● ASSIGNMENT:
Your answer must be the exact lines of the listing below that run from the line with "Notechis scutatus (Tiger" to the line with "Cientistas se intrigam", ends included, and no pictures.

● DATA TO EXAMINE:
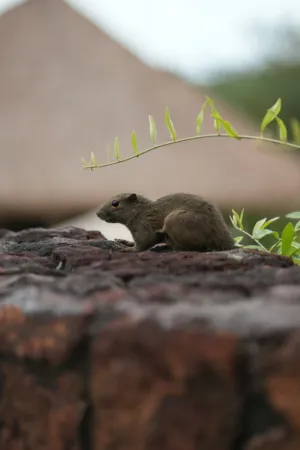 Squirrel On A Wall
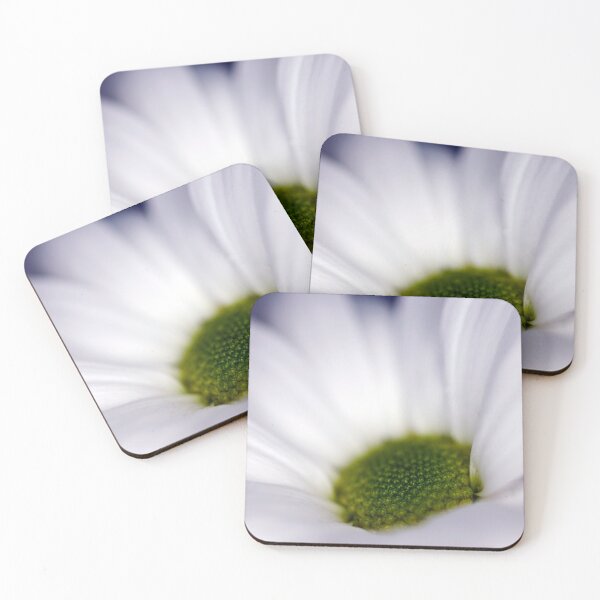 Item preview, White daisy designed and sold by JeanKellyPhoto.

---

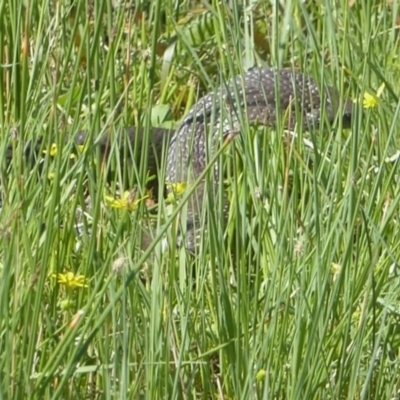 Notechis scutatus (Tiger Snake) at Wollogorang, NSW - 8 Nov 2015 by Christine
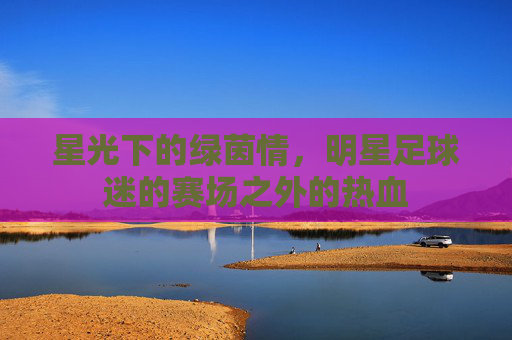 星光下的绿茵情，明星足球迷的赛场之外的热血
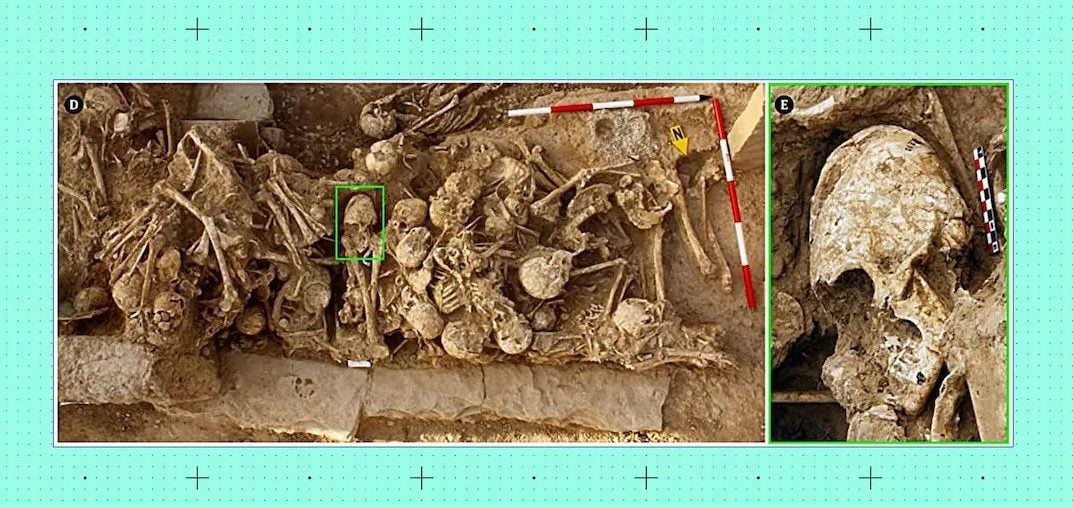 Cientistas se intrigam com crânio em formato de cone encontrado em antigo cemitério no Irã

--

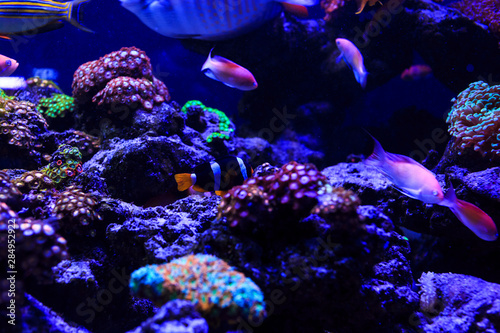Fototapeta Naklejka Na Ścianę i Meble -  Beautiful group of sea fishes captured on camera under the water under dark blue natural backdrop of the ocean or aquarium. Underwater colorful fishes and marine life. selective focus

● SOLUTION FOR THIS PROBLEM:
 Notechis scutatus (Tiger Snake) at Wollogorang, NSW - 8 Nov 2015 by Christine
 星光下的绿茵情，明星足球迷的赛场之外的热血
 Cientistas se intrigam com crânio em formato de cone encontrado em antigo cemitério no Irã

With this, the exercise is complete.